A recent case from Virginia demonstrates that a parent typically has the edge in a custody battle with a non-parent and that it takes extraordinary circumstances for a non-parent to overcome that advantage.
The case involved a dispute between the father of a 9-year-old girl and the maternal grandmother she’d lived with her entire life.
The father was in jail while the girl was a baby. During that time she lived with her grandmother in what the court described as a “spacious” home. Her mother lived there too before relocating to Georgia in 2015.
At some point, after the father was released, he sought custody of his daughter. By this point, he was living in a two-bedroom home with his new wife and two sons.
The grandmother objected and filed for custody herself, arguing that the girl had always lived with her and that remaining with her would be in the best interests of the child. A “guardian ad litem” (an individual, often a lawyer or a counselor, appointed by the court to protect a child’s interests) agreed.
But a family court judge gave physical custody to the father, and after a trial gave him legal custody as well, over the objections of the grandmother, the mother and the guardian.
In ruling this way, the judge said there is a legal presumption favoring the parent in any custody case and to rebut that presumption the non-parent has to do more than show it is in the child’s best interests. Instead, the non-parent has to give an “extraordinary” reason.

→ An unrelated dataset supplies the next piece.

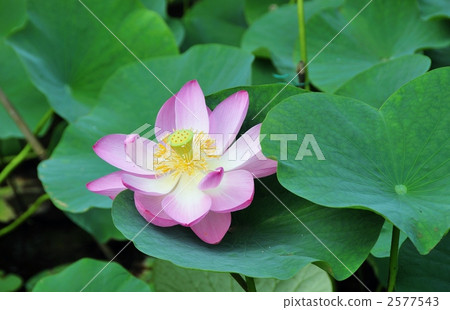 一千年老闆 2577543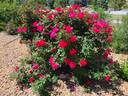Winnipeg Parks rose photo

In other words, the judge said, the grandmother would have had to show “actual harm” to the child if the father got custody.
Since there was no such showing in this case — in fact, the grandmother admitted that the father was a fit parent despite having been in jail — the court awarded physical custody to the father while granting joint legal custody to him, the mother and the grandmother.
Courts in other states may look at a situation like this differently, so check with a lawyer in your state.